## Your task
The requested output is every line from the one with "Patricia Briggs Quotes: Nothing" through the last line below, printed exactly.

## Given data
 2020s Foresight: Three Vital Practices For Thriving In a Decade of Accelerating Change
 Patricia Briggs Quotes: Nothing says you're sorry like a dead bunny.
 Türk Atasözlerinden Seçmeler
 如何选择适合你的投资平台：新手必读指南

## Answer for the task
 Patricia Briggs Quotes: Nothing says you're sorry like a dead bunny.
 Türk Atasözlerinden Seçmeler
 如何选择适合你的投资平台：新手必读指南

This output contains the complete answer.